Material supplied -
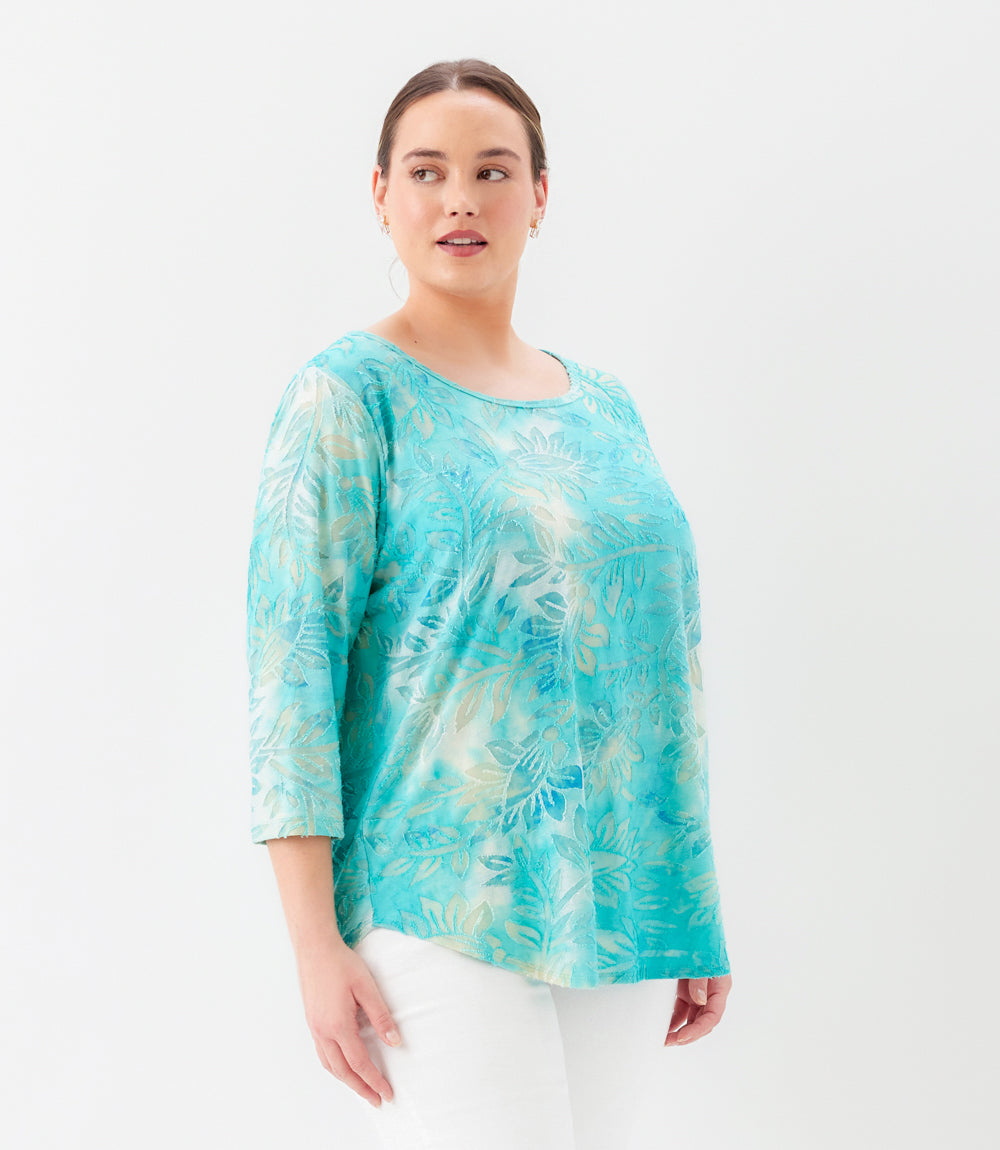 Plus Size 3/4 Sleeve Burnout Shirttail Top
...
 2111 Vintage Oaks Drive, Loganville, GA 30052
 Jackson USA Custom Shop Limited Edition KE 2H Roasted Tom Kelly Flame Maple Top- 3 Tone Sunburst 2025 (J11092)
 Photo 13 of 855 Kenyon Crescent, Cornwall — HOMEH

Work instructions - The lines above, starting at the one with "2111 Vintage Oaks" and ending at the one with "Photo 13 of", are the only ones to return, exactly as written.

Task output -
 2111 Vintage Oaks Drive, Loganville, GA 30052
 Jackson USA Custom Shop Limited Edition KE 2H Roasted Tom Kelly Flame Maple Top- 3 Tone Sunburst 2025 (J11092)
 Photo 13 of 855 Kenyon Crescent, Cornwall — HOMEH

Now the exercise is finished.